____ Provided entries

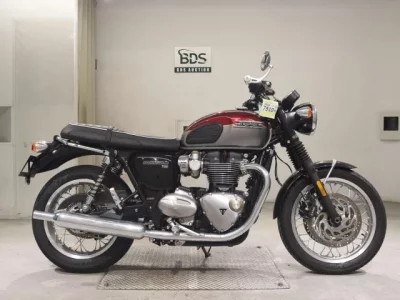 Triumph TRIUMPH BONNEVILLE T120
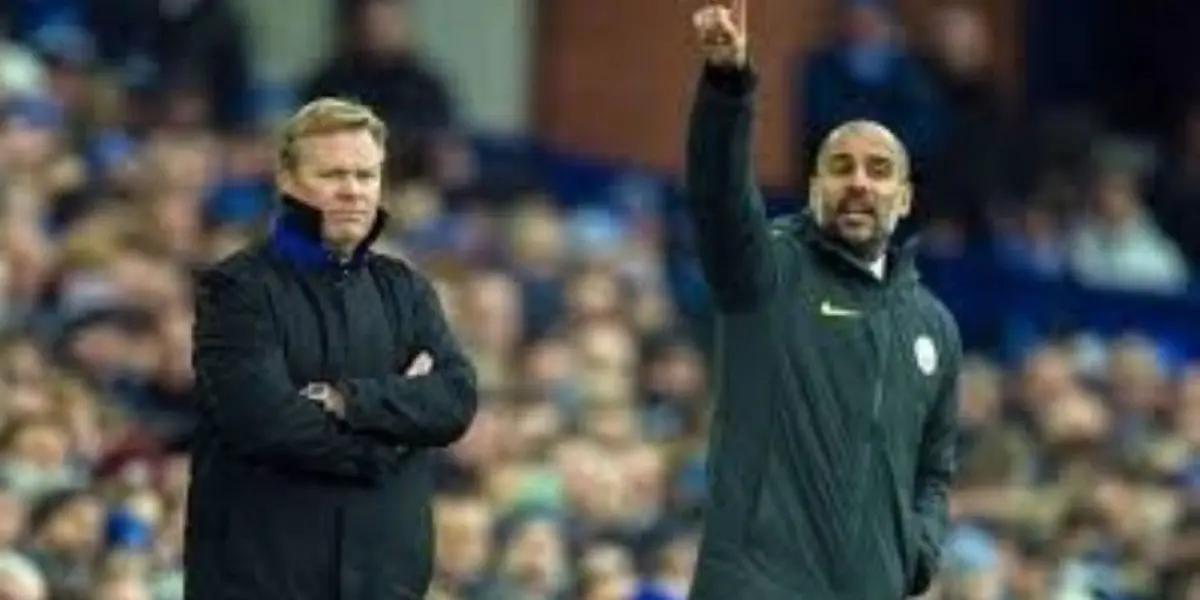 El ex técnico culé envió una mala noticia al club.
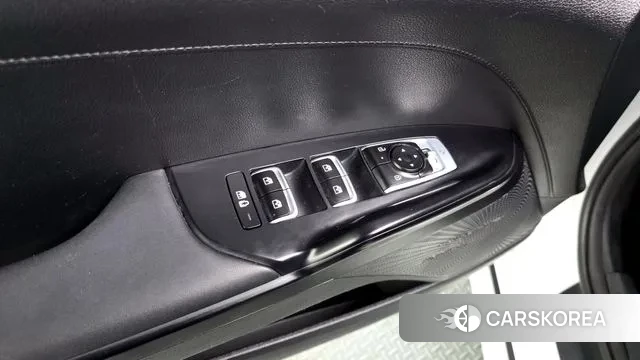 Kia The New K5 3rd generation id 3457368 из Кореи 9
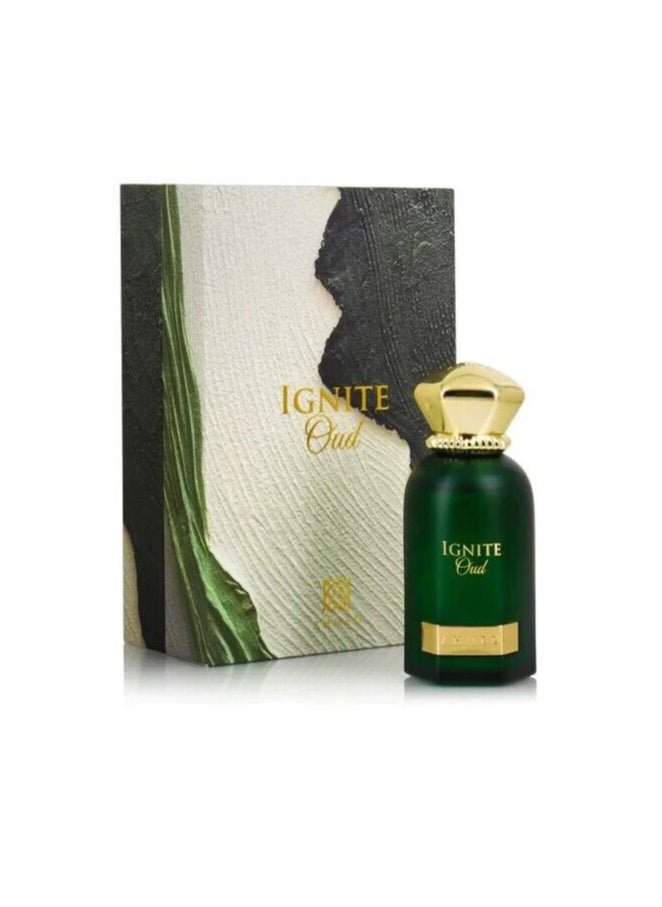 Ignite Oud EDP 60ml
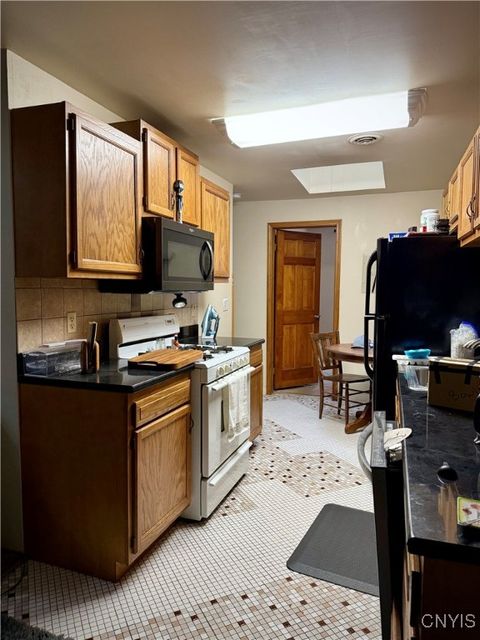 Tiny photo for 11 Clinton Avenue, Cortland, NY 13045 (MLS # S1648779)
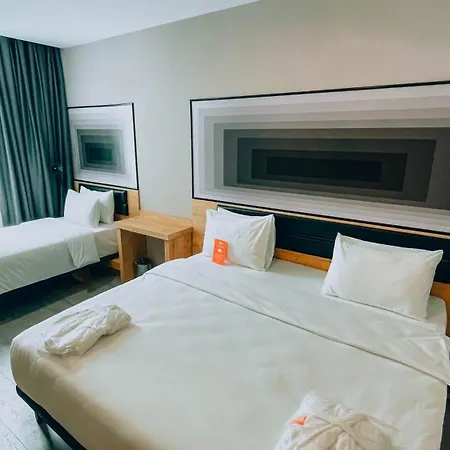 Hotel Ibis Airport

________

Exercise prompt
Could you write out the whole listing exactly, dropping the pictures?

Result of the exercise
 Triumph TRIUMPH BONNEVILLE T120
 El ex técnico culé envió una mala noticia al club.
 Kia The New K5 3rd generation id 3457368 из Кореи 9
 Ignite Oud EDP 60ml
 Tiny photo for 11 Clinton Avenue, Cortland, NY 13045 (MLS # S1648779)
 Hotel Ibis Airport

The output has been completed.